Calling all Excel wizards
Morning folks,
Got a bit of a problem with a spreadsheet I'm trying to build. I have to record mileage for work and I've got the thing set out so it calculates the total mileage each day if I put the start and finish in, adds it to the week total, and fires that total into a box down below. It also at the moment calculates personal mileage, by dint of taking anything in the weekend boxes and adding that total together and putting it in another box. Then the personal is taken away from the total to give me my business miles. This is only good for the weekends though. If I use the car outside of work during the week, it throws it all into confusion. I want to be able the put "private" or something, somewhere in the box for the day, that tells the sheet to add that day's total to the personal total.
This is how the table's laid out:
https://s5.postimg.org/uas21413b/excelproblem.jpg
Any suggestions gratefully received :)
Re: Calling all Excel wizards
Doing it like this makes sense to me;
You can separate personal and work mileage line by line (like lines 2-4 in the example below).
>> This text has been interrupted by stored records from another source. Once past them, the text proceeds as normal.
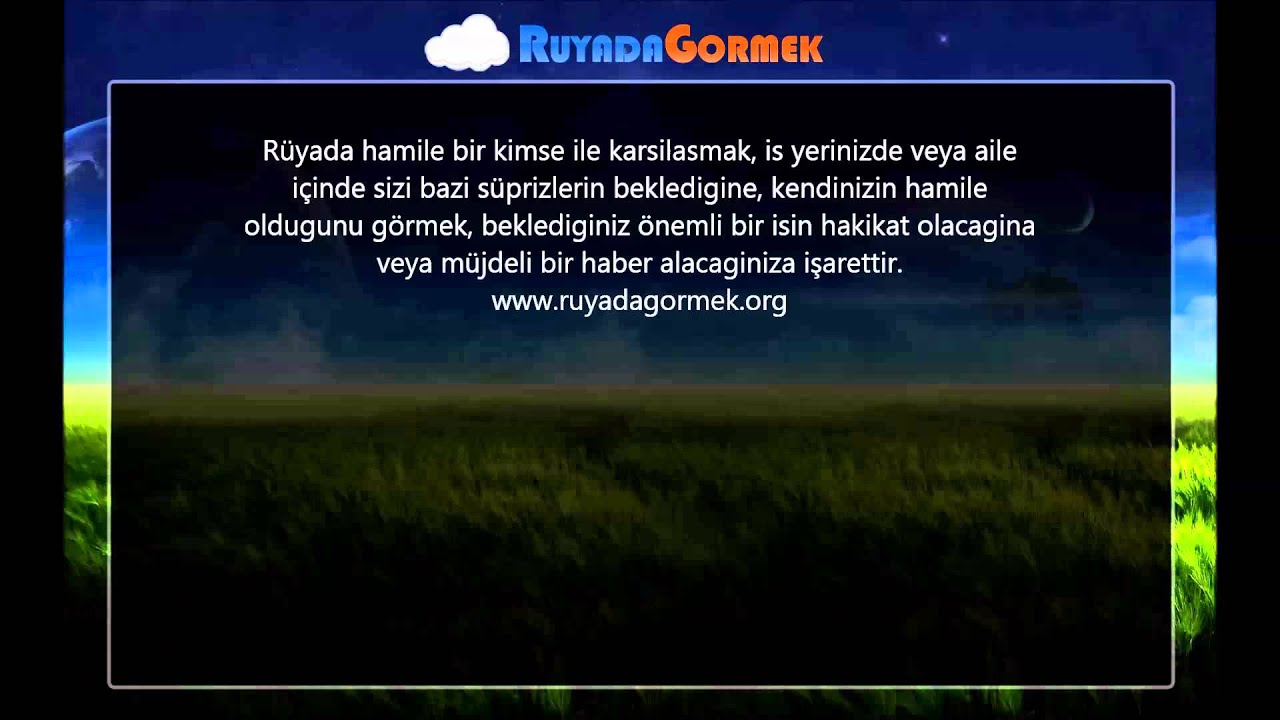 Rüyada Hamile Görmek Ne Anlama Gelir? - Youtube ilgili Rüyada Spagetti Makarna Görmek Ne Anlama Gelir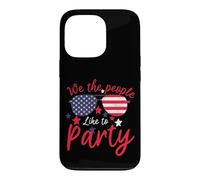 Vintage American Flag 4th July We The People Like to Party Coque pour iPhone 13 Pro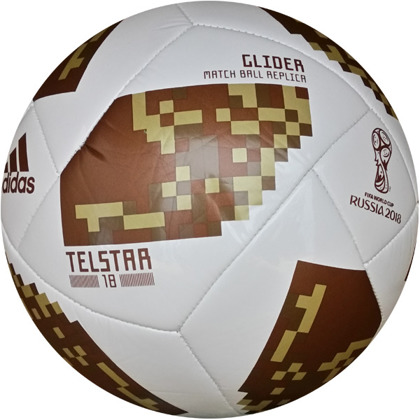 Piłka nożna Adidas Telstar Glider 18 CE8099 rozmiar 4 - biała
Or you can combine them together into one line if you use the Trip function on your cars odometer to measure your personal or work driving per day (like line 6).
http://i.imgur.com/OAJiNUT.png
So say you trip your personal driving, you can take that away from the total driving. Work miles = [(End miles - Start miles) - Personal]. Or Coulumn D - C - E in the example I've given.
Re: Calling all Excel wizards
OK, my first suggestion would probably be to use Access, but I don't think that's what you're looking for ;) Also if this is for mileage claims it's kind of financial so it's one of the rare occasions a spreadsheet might actually be the right tool!
In Excel, this looks like a job for VLOOKUP - I don't have the reference handy but iirc vlookup (as the name implies) looks down one column for a particular value and then returns value of another column on the same row. I believe you can use it in array formulae to make it add things up automatically too.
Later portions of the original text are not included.